L’atto dell’omicidio è orribile, inumano ma parlando d’umanità, bisogna anche capire quanto l’errare sia umano: solitamente le povere vittime, secondo la stampa, non sbagliano mai.
E’ vero che tante volte i giornalisti stravolgono la realtà, raccontando antefatti inesistenti, ma è altrettanto vero che alcuni atteggiamenti sono inconfutabili: talvolta la colpa non è per forza delle vittime, ma almeno dei loro genitori e di una certa educazione.
In tantissimi casi di femminicidio, la donna è realmente incolpevole, un povero agnello sacrificale: altre volte magari scherza troppo pesante , sul filo del rischio; non si vuole colpevolizzare la vittima della propria morte, anzi, ma semplicemente denotare la consapevolezza di giocare col fuoco, magari aizzando persone malate o violente.
Talvolta la vittima è tossicodipendente, frequenta gente chiaramente poco raccomandabile o semplicemente non gira alla larga da ambienti potenzialmente pericolosi.

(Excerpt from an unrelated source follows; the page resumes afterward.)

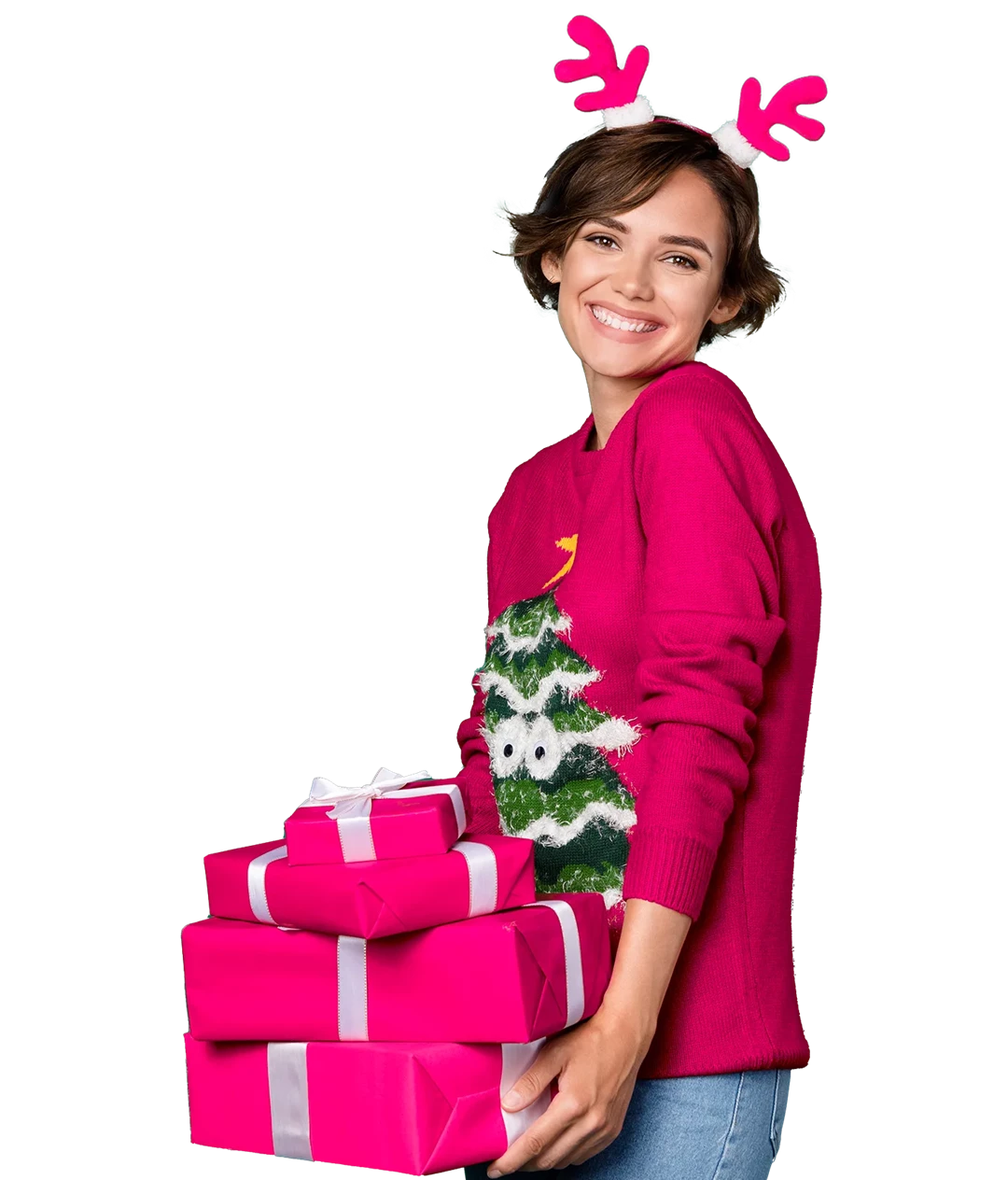 young woman in yellow top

I casi clamorosi poi riguardano le morti nelle galere.
Sempre ammettendo che i decessi siano realmente provocati, l’immaginario collettivo attacca le forze dell’ordine (che indubbiamente soffrono di un certo “rigidismo”), ma nessuno si domanda il perché un ragazzo si trovi in galera (talvolta sommessamente si accenna alla tossicodipendenza).

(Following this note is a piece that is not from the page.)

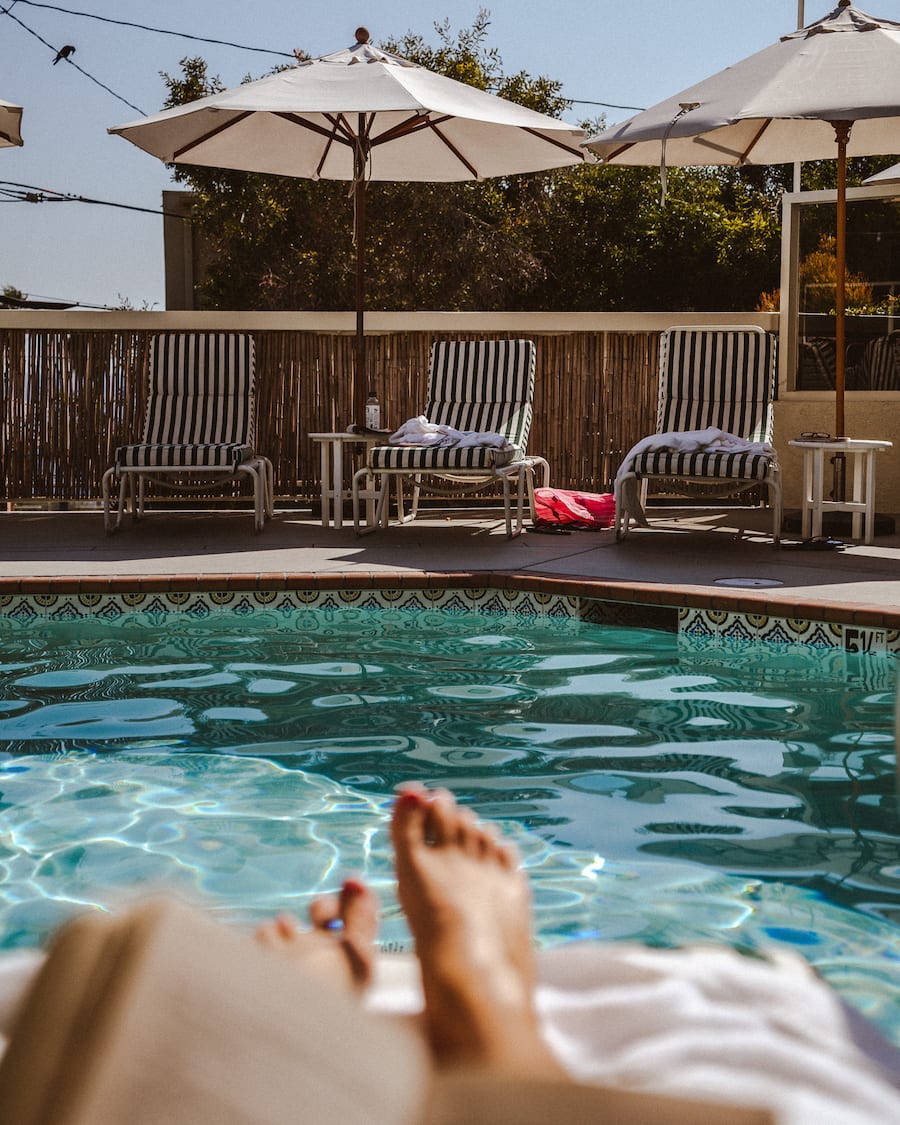 Piscina en Laguna Beach House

Spesso in questi casi parlano i famigliari, che ovviamente sono i primi ad esaltare il figlio come il più santo ed onesto al mondo.
Ovviamente in questo frangente non è assolutamente giustificata la violenza fisica o psicologica, ma talvolta può essere l’atteggiamento aggressivo di un individuo (magari sotto effetto di stupefacenti) a provocare una reazione più severa o fin troppo severa.

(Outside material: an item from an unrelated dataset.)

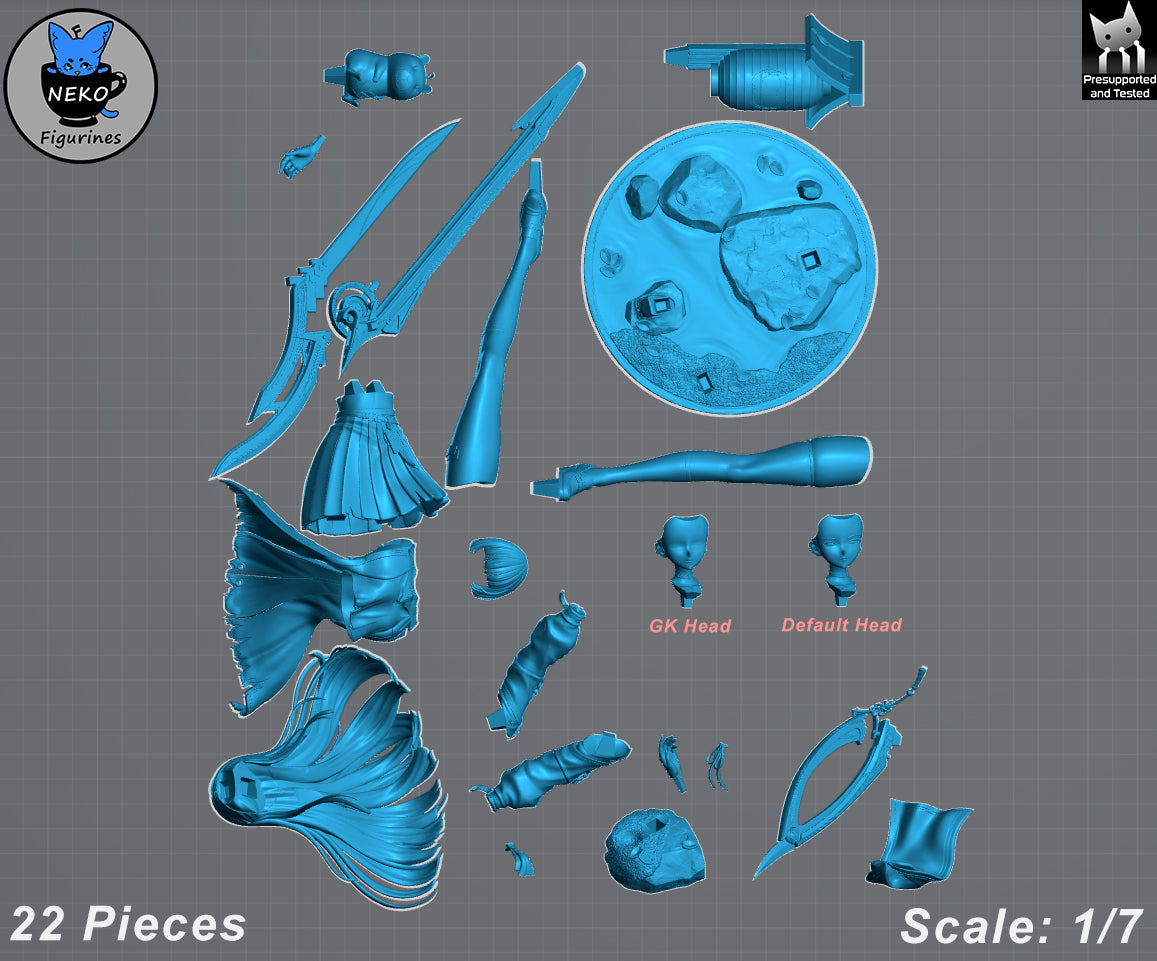 Chisa - Wuthering Waves | Custom Statue 3D printed figure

I casi più eclatanti sono le morti durante le risse allo stadio (o legate alla tifoseria) o durante le manifestazioni.
Qualsiasi persona sensata si allontana appena c’è una rissa pericolosa, anche per evitare manganellate ingiustificate da parte delle forze della polizia: talvolta sono le forze dell’ordine che nella confusione, seguono il motto romanesco “ ‘ndo cojo cojo” e si lasciano andare alla violenza verso la gente innocente.
In questi casi emerge anche l’antica diatriba tra l’uomo e il poliziotto, in cui il poliziotto è visto come “ lo Stato severo”: quindi non solo l’imputato diventa automaticamente l’uomo d’ordine ma la vittima muore in odore di santità, attraverso mitizzazioni nel futuro.
In questi casi i necrologi diventano “coccodrilli”, ossia la lacrima lasciata sulla pagina è tendenzialmente ipocrita.
Il giornalismo crescerebbe in serietà se maturasse un pizzico d’obiettività.